Dirjen Pajak Suryo Utomo mengendarai moge bersama klubnya (kiri); Mario Dandy Sambodo, anak dari Rafael Alun Trisambodo memamerkan Jeep Rubicon (kanan atas); dan Rafael dalam potongan video permintaan maaf atas kejadian yang melibatkan anaknya (kanan bawah). (Dok. Istimewa)

Publik sebagai pembayar pajak curiga dan kecewa. Sebenarnya kenapa sih masyarakat harus membayar pajak? Sejak kapan pajak mulai dipungut? Apa manfaatnya bagi rakyat? Apakah benar-benar sudah dikelola untuk kesejahteraan negara dan masyarakat?

Sejarah Munculnya Pajak di Indonesia

Pajak secara resmi mulai dipungut di Indonesia ketika masih bernama Hindia Belanda, kala Pemerintah Hindia Belanda memberlakukan tenement tax atau huistaks pada tahun 1816. Huistaks adalah pungutan untuk sewa lahan tempat berdirinya rumah atau bangunan, atau yang sekarang disebut sebagai Pajak Bumi dan Bangunan atau PBB.

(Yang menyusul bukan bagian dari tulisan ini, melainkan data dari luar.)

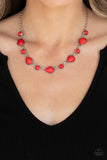 Heavenly Teardrops - Red Round and Teardrop Stones Short Necklace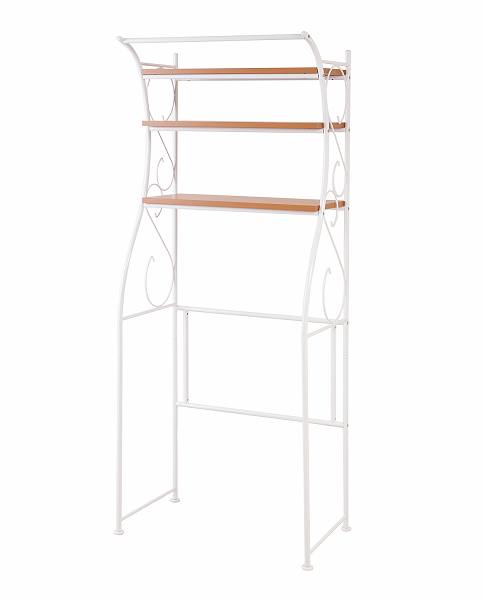 (納期10日前後出荷)アーチデザイン カントリー調 ランドリーラック 棚3段 【送料無料】(つっぱり 薄型 ラダー サニタリー、ハンガースタンド、ラック、コート...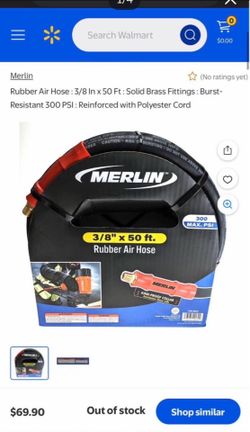 Merlin 3/8" x 50 ft. Rubber Air Hose- NEW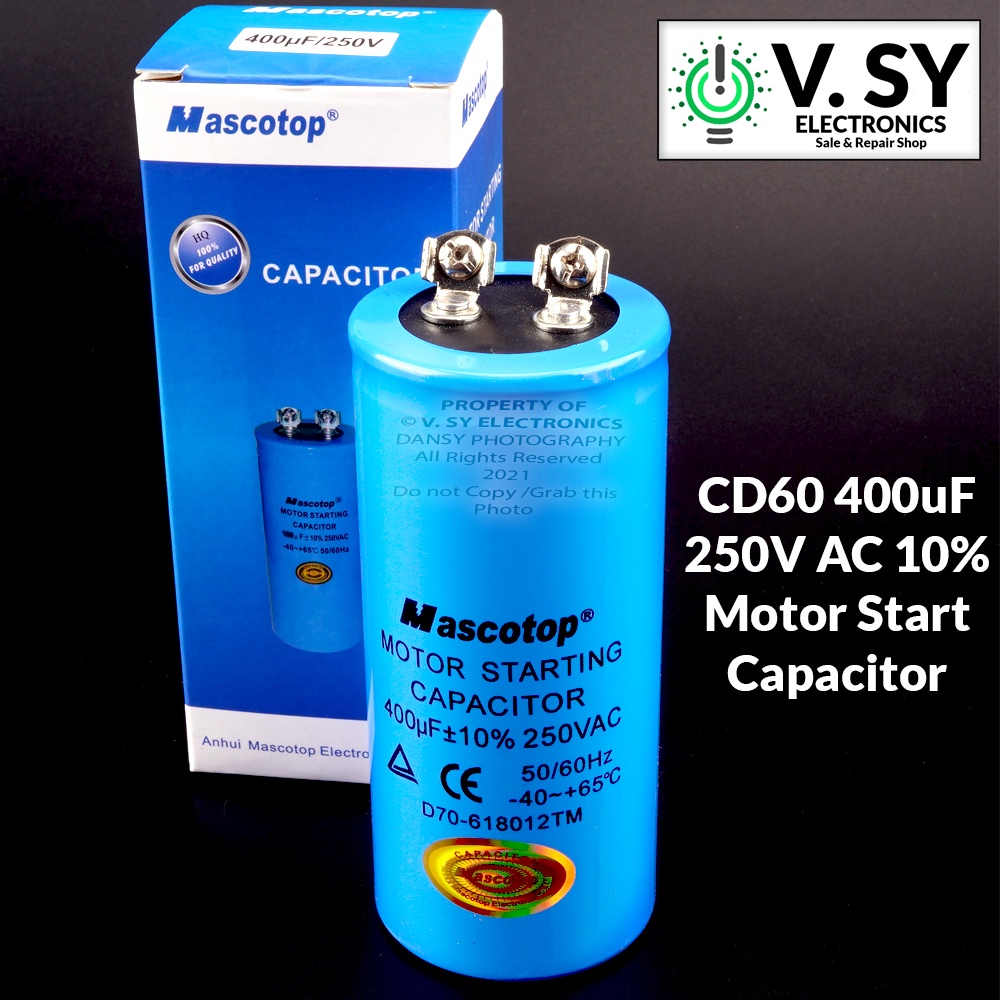 Condensatori Avviamento Motore 300uF 250V AC - Pack Da 5, Terminali A Vite, Nuovi Per CD60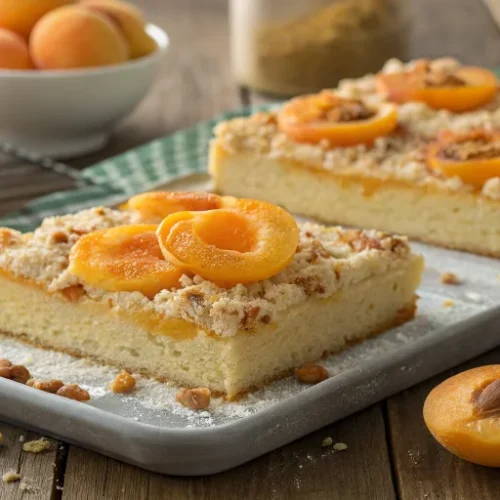 Beautiful Austrian apricot sheet cake with golden crumb topping, fresh halved apricots arranged on fluffy yeast dough base, g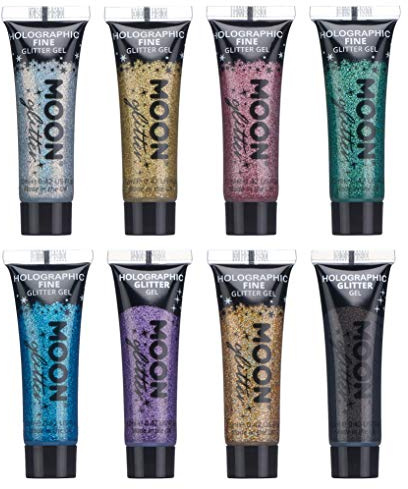 Holographic Fine Face & Body Festival Glitter Gel by Moon Glitter - 12ml - Set of 8 colours - Glitter Face Paint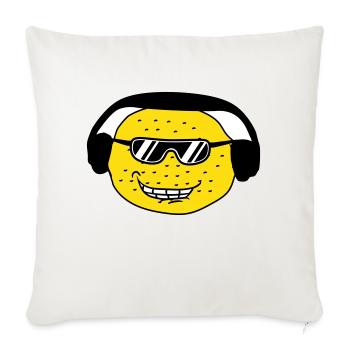 Funny DJ Party Lemon Fruit Music Fun Face - Sofa pillowcase 17,3'' x 17,3'' (45 x 45 cm) - natural white - Front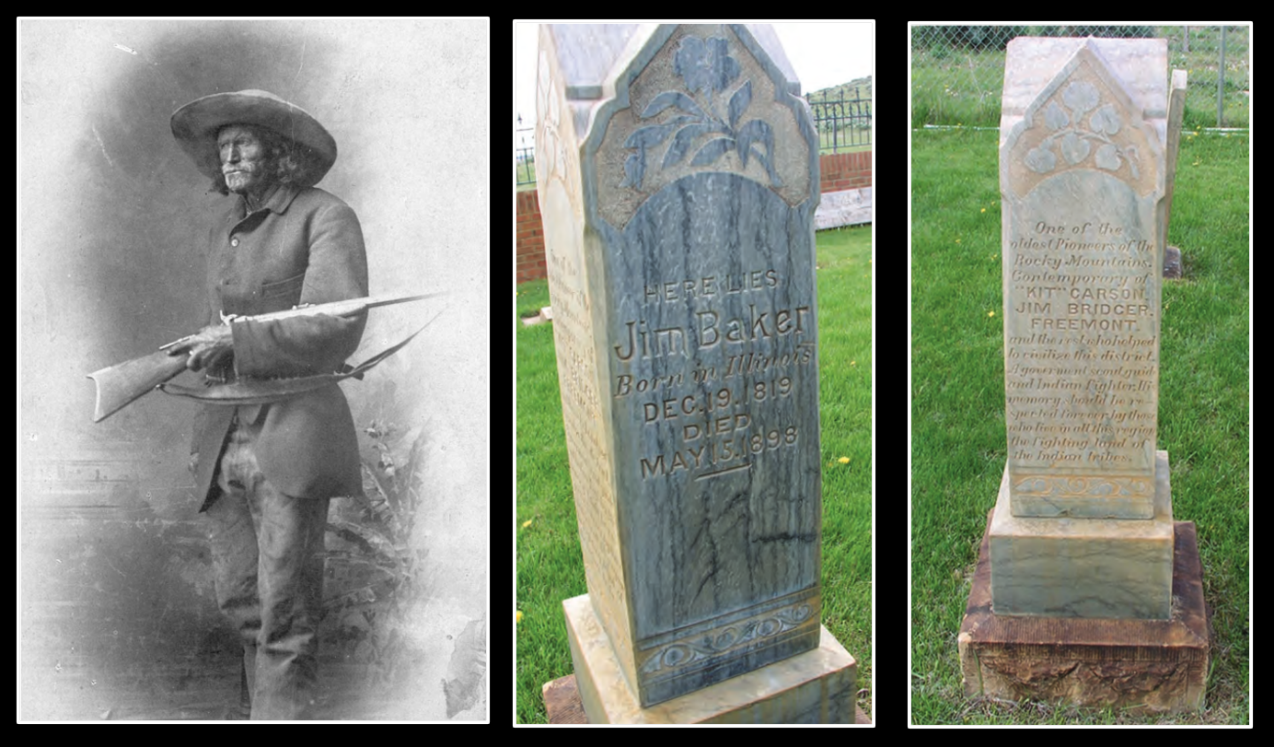 Pictures of Jim Baker and his headstone near Savery, Wyoming
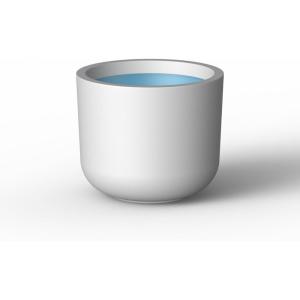 imageKante Round Concrete Planter 9 Inch Dia ClassicStyle Large Pot with Drainage White Finish with Aqua Blue Interior for Indoor ampamp Outdoor Plants Home Patio and GardenWhite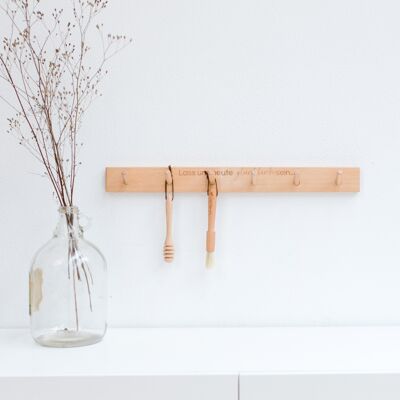 Wall hook rack "Let's be happy today" by Bake Affair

Belanda menerapkan pungutan ini setelah menerima kembali wilayah Hindia Belanda dari Pemerintah Inggris—yang sempat menduduki wilayah Hindia Belanda sepanjang 1811 – 1816. Ketika Inggris berkuasa, Sir Thomas Stamford Raffles yang ditunjuk sebagai Letnan Gubernur di Jawa mengeluarkan Surat Tanah sebagai Sertifikat Tanah Internasional bagi penduduk setempat. Dokumen itu juga dikenal dengan nama “girik” dalam bahasa Jawa. Sebagai imbal balik dari pengakuan kepemilikan lahan tersebut, Raffles menetapkan pungutan 2,5% dari nilai lahan yang tertera dalam girik.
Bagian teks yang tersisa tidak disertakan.